Sahara: Mission impossible for Horst Kohler?

Horst Kohler, the new Personal Envoy of the UN Secretary-General for the Sahara, is about to begin his mediation with a forthcoming visit to the Maghreb. Yet, questions remain as to his ability to convince the Polisario and Algeria to engage in a new dynamic, in a new spirit of realism as recommended by the Security Council.

Secretary-General Antonio Guterres himself stressed “the importance of this visit to help re-launch the political process in a new spirit and a new dynamic, in accordance with Security Council resolution 2351 (2017)”, according to the UN spokesman.

If Antonio Guterres insisted on “a new spirit” and “a new dynamic”, it is precisely to avoid the tensions of the past, which led the political process to a dead-end. The political process was launched in 2007 after Morocco presented the autonomy plan for the Sahara.

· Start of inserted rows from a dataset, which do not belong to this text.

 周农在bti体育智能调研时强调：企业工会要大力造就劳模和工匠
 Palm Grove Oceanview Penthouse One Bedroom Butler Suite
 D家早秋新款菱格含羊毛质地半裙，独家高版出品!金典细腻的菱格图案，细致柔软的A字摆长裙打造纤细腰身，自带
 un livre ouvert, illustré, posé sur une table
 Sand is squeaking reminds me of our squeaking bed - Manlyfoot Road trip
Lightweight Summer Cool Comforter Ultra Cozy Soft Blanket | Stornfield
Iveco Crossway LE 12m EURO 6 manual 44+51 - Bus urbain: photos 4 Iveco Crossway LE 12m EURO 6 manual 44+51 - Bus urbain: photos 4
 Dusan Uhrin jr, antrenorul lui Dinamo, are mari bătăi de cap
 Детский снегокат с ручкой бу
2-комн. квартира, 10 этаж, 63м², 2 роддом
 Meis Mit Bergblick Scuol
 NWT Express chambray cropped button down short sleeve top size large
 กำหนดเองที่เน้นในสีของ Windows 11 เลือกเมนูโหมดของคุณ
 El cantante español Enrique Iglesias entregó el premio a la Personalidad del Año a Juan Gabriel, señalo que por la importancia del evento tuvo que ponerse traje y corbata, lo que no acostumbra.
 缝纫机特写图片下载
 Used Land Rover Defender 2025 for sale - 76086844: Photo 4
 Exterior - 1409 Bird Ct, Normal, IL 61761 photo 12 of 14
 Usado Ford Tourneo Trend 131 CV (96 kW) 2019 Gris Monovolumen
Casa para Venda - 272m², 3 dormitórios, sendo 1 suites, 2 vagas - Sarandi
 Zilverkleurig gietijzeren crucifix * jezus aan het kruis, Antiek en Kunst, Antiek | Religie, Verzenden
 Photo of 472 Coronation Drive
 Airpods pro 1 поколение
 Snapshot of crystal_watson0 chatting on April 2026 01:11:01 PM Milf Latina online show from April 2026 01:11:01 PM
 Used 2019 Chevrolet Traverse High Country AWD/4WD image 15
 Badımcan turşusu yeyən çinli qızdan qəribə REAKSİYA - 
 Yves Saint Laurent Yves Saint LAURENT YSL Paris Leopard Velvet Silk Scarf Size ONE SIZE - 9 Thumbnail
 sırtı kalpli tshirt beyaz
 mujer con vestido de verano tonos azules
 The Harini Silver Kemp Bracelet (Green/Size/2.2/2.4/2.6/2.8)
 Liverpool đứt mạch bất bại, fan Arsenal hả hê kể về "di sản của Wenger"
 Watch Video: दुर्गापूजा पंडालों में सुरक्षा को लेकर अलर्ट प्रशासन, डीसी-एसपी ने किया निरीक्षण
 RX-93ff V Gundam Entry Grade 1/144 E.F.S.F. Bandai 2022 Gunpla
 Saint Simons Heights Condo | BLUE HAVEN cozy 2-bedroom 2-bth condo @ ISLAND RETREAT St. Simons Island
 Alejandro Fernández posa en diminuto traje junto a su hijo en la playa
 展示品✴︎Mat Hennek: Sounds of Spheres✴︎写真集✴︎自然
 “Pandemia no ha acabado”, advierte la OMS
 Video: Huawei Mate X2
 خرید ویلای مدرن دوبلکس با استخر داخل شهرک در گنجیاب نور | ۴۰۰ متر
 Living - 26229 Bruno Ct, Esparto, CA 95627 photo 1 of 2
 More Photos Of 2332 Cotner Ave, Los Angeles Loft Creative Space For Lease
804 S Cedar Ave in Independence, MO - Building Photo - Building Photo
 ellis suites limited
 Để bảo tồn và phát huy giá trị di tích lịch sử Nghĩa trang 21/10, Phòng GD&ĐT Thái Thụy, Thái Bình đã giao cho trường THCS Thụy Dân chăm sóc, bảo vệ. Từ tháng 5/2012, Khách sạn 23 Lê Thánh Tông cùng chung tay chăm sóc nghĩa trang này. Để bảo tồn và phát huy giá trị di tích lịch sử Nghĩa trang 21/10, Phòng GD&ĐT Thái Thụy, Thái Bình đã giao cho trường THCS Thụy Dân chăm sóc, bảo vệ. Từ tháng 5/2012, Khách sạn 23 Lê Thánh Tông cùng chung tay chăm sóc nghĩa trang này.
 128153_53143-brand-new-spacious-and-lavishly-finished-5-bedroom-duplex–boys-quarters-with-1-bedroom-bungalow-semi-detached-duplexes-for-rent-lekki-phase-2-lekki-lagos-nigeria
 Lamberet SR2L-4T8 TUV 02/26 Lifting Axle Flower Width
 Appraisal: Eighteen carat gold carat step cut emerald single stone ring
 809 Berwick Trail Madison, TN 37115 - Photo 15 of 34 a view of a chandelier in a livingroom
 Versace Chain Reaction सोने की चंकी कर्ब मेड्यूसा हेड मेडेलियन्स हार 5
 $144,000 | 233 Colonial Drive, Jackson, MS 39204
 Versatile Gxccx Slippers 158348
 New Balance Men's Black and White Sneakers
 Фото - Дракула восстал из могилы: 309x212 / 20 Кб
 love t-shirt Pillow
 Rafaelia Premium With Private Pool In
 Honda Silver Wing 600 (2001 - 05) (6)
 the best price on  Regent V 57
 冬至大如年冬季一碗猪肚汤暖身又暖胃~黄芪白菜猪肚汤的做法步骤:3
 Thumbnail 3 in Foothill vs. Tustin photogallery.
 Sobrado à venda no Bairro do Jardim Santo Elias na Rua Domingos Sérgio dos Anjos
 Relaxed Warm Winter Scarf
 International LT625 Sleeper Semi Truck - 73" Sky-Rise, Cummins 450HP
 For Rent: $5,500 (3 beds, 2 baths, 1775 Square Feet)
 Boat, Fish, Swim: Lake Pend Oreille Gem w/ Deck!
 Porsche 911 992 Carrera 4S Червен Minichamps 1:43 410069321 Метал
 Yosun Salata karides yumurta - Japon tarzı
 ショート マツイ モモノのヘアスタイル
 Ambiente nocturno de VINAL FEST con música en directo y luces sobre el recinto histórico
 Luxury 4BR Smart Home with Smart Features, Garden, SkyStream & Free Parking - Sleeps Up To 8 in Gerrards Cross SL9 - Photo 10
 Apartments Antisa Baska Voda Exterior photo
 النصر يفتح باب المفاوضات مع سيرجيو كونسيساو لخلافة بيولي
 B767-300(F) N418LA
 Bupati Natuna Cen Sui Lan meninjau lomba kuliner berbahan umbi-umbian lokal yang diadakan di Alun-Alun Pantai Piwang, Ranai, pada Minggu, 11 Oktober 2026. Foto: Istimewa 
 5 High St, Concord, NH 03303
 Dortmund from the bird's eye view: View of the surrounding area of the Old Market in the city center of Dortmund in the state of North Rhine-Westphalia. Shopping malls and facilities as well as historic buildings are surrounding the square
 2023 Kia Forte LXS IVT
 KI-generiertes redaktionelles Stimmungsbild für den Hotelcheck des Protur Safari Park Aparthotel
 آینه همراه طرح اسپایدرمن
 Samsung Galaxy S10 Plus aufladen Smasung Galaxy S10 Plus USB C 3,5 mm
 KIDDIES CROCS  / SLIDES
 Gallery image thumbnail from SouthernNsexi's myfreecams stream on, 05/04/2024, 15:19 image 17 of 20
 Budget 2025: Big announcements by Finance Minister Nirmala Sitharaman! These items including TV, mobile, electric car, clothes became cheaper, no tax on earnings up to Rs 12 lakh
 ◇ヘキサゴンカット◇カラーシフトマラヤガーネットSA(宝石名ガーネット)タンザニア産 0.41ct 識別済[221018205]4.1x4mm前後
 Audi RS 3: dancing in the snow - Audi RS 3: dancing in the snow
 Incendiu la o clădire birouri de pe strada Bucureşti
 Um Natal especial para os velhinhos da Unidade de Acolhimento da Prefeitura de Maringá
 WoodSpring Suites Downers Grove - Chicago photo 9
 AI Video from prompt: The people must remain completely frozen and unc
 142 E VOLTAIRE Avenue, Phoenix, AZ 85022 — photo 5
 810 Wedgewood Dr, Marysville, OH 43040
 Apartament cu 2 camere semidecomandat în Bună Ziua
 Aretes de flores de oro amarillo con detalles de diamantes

The autonomy proposal is considered by the Security Council and the major world capitals as a “serious” and “credible” basis for a settlement of the Sahara issue, at a time Algeria and the Polisario are clinging to the referendum option, deemed long time ago as unfeasible.

Actually, the new UN emissary should not expect concessions on the part of Algeria. Despite the deep economic and financial crisis facing the North African country since the fall of oil prices, Algerian leaders are not yet in a logic of new dynamics or compromise.

It is true that some Algerian politicians dare, from time to time, to criticize the huge financial aid granted by Algeria to the Polisario. One of these critics was Amar Saadani, the leader of the FLN who was pushed to resign in October 2016, precisely because of his position on the Sahara issue.

But the military wing of the regime is keeping a close eye on things, and the military brass do not tolerate any internal dissent on the Sahara issue, deeming it is the only way to maintain pressure on their long-time Moroccan rival.